Today is Valentine’s Day – for those of you who don’t receive my columns as a subscription, it will have been that yesterday. Anyhow. What does Valentine’s Day mean to us? As givers and as receivers? As experiencers or as bystanders?
First of all, Valentine’s Day is a gift for any business that can make appropriate offers. Especially the decorative, greeting card, flower, candy & chocolate, and jewelry industry as well as the restaurant business experience a heyday in the weeks ahead. That is the reason why they redecorate hardly that Christmas is over. To entice as many purchases as possible. As to restaurants, they will come up with special deals for two or special menus, and they will feel exhausted by the end of Valentine’s Day because of the customer influx.
This year, my husband has to work extra-long hours on Valentine’s day, although he is in neither industry. And I just pointed out how lucky he is that I don’t expect any gifts or being taken out. To be honest, there are days when I prefer NOT to be taken out at all. Valentine’s Days is certainly one of them. And not just because I have been reading somewhere that this is when restaurant kitchens are allegedly pushing out an inferior quality of food than usually because of the amounts they have to handle. We HAVE been dining out a couple of times, and the food WAS good. What I don’t like are the lines –the one I have to wait in as well as the one I feel piercing my back with stabbing looks as to why I can’t eat up faster so it’s their turn. If a meal is all about romantics, it should be in a cozy setting with lots of time on hand, no pressure, all intimacy. That being said: Indeed, I’ve come up with a special menu for two at a nicely set table … at home.
Come to think of it, guys, I feel your pressure! No woman ever is expected to drop to her knees and present her loved one with a special token aka a rock on Valentine’s Day. How many of you have ever felt they were expected to buy the ring and do the thing? And how many of you, ladies, had secretly expected him to do this? Did he deliver? If not, did your relationship last? Here is another one of the reasons why I don’t buy into Valentine’s Day: I don’t go with the flow. I don’t want to be treated in a specific way just because the calendar challenges us with the name day of an ancient saint. Or because the radio announces that we “now have a friend in the diamond business”. On another note, I was handed my diamond ring on an early April Day over a decade ago, long after we had decided to make it a life together … on a warm, rainy July night.

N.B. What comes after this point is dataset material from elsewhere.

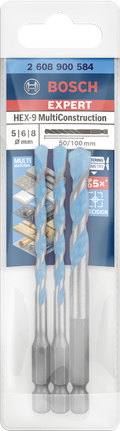 Bộ mũi khoan EXPERT HEX-9 MultiConstruction 5/6/8 mm, 3 chiếc Bộ mũi khoan Bosch HEX-9 MultiConstruction 5/6/8 mm.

Chocolates, flowers, candy, gas-filled balloons? I’m not a fiend for sweets. Where is the cheese industry with their heart-shaped cheese assortments, by the way?! Where are the heart-shaped savory mini-pies for people like me?! As to flowers … I rather give them on this day than get any, for whatever reason. And as to balloons – please, spare me and save nature. We keep fishing out ever so many deflated balloons out of the Sound each and every year.
Oh my, what a bah-humbug-sayer, you must think! No, I’m not. Indeed, I am totally romantic (see the dinner solution above), and I love giving (and receiving) gifts of love. But they don’t have to be pink or heart-shaped or costly.
The other day my husband simply accompanied me to a book launch – that’s a gift of time and consideration. He helps marketing me in the most surprising ways. He stands up for me when I swallowed down some toad I have been presented with (it happens). He shows me that my presence is wished for. He makes me laugh. He takes me out. He brings me gifts from his travels. He shares his thoughts and his visions with me.
In other words – Valentine’s Day ought to celebrate Love and not turn it into an obligation. My Valentine’s Day is not just February 14 but lasts an entire year, year after year. In a paced, steady way, not in one overwhelmingly crowded day. And that’s what to me the essence of Love is: Enjoy the delicacy as long as possible, don’t swallow it down in one big gulp.